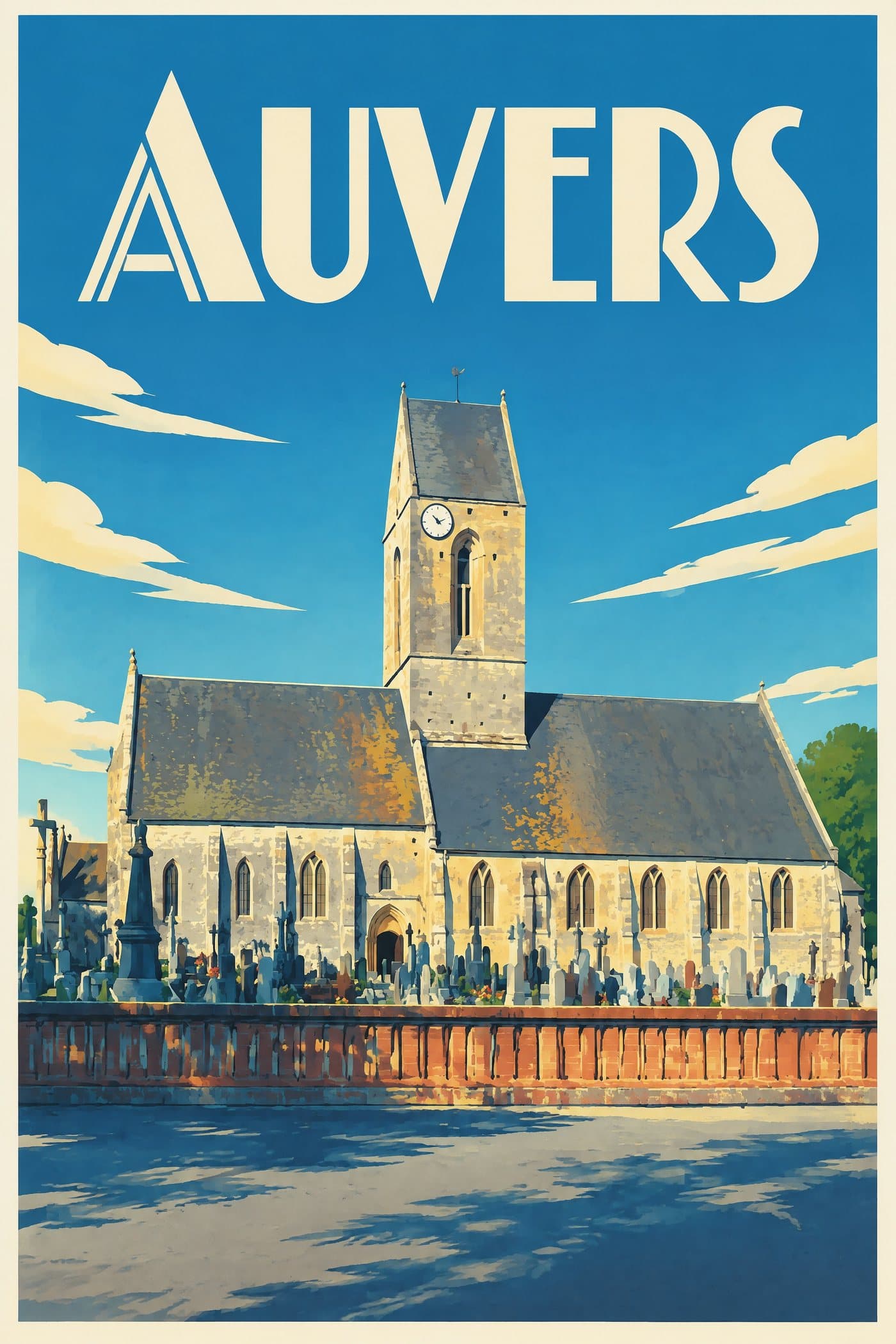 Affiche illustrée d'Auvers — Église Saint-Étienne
---
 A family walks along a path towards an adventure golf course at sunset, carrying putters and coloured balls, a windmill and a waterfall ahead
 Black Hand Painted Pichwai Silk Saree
...
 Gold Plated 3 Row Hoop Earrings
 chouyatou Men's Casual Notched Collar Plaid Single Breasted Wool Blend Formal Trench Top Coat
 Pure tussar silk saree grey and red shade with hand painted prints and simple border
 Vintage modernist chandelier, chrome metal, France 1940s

◆ **PROBLEM DESCRIPTION**: The lines above from the one containing "Gold Plated 3 Row Hoop Earrings" through the one containing "Vintage modernist chandelier, chrome" are to be set down exactly, and no others.

◆ **PROBLEM SOLUTION**:
 Gold Plated 3 Row Hoop Earrings
 chouyatou Men's Casual Notched Collar Plaid Single Breasted Wool Blend Formal Trench Top Coat
 Pure tussar silk saree grey and red shade with hand painted prints and simple border
 Vintage modernist chandelier, chrome metal, France 1940s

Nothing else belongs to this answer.